So, I'm really having a difficult time thinking that a college age person cannot figure out the dozen or so ability cards that his character has. Or, to put it another way, it doesn't matter how simple you make the system, for someone to actually refuse to learn the rules, it's not going to change anything.

I cannot XP you or Little Raven, so I'll simply say that I find myself feeling like I'm on a similar wavelength of thought when reading this post.

I can completely respect the idea that what is easy for one person may not be easy for someone else.

I can even respect that someone might not be interested in the rules of a rpg and will instead be interested in the social engagement and/or the mental escape from reality. In my spare time, I play in an online game in which the GM is so good that he can run the system and the players who are not familiar with it can worry about just telling him what they want to do.

Still; even considering all the things I can respect and understand, it seems to me that the length of time that goes into a gaming session and being interested in rpgs would impart some basic understanding of how something works even if it's just through some sort of social osmosis and simply being around what is going on if it is something you have an honest heartfelt interest in it. I do not expect everyone to understand everything completely, but it's hard for me to believe that you wouldn't at least pick up some basic understanding.

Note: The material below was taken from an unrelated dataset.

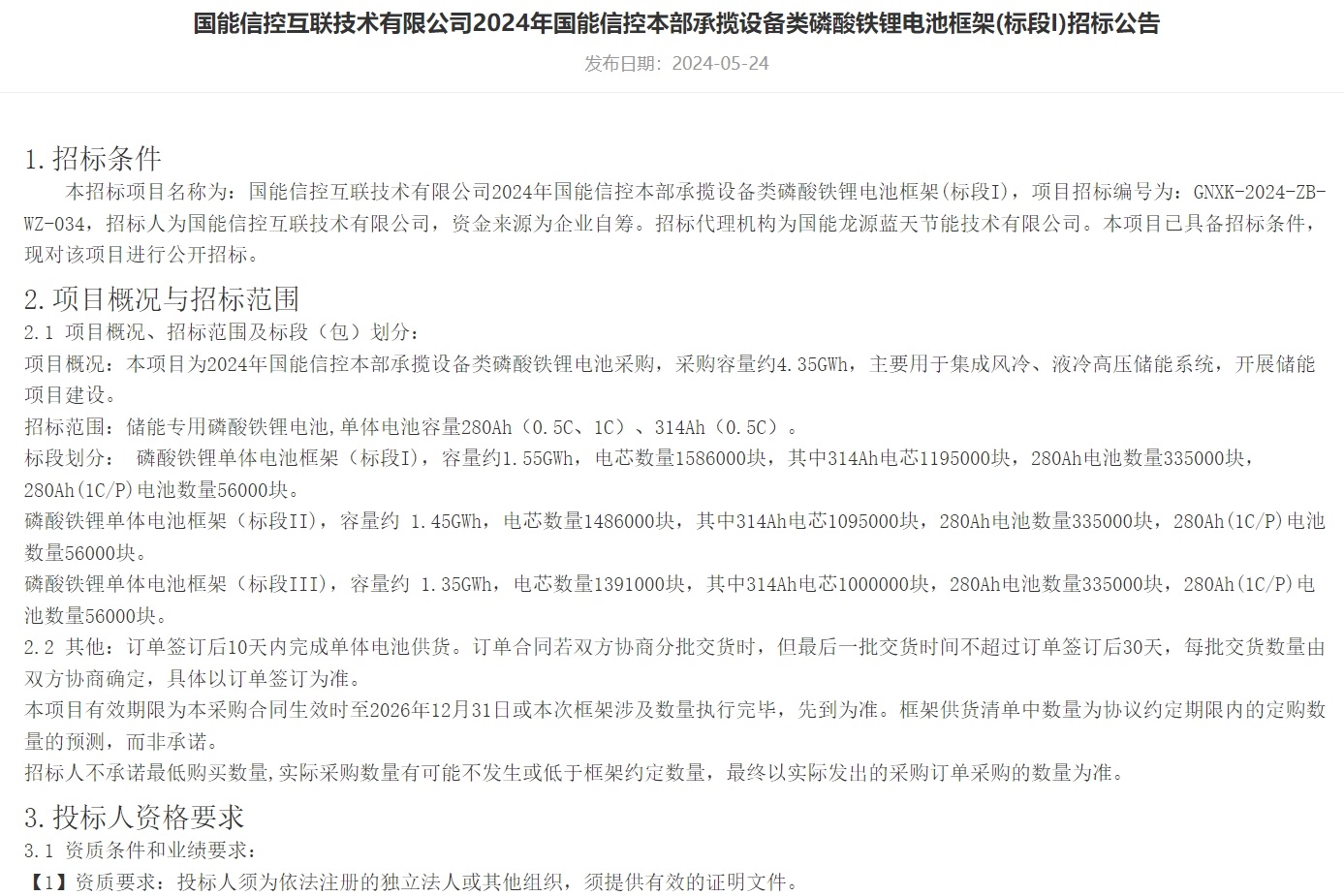 4.35GWh！280Ah/314Ah！國信能控又一磷酸鐵鋰電池集采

Heck, I'll even accept just knowing where to find the information if you don't want to remember it; if you can at least remember where what you need is generally found, I'm ok with that. For example, if you are playing a fighter, it seems reasonable to me that you'd be able to look at the table of contents and find the fighter section in PHB1 when it comes time to level up and choose a new power. It's no coincidence that the character sheet is made out of paper either. It's possible to write on it and take notes in the margins if need be. I'm pretty sure that nobody is talking giving yourself a crash quiz on War and Peace here. Just writing down a page number beside a power name or maybe writing on the bottom of your sheet how much sneak attack damage you do in a special situation because of a particular feat.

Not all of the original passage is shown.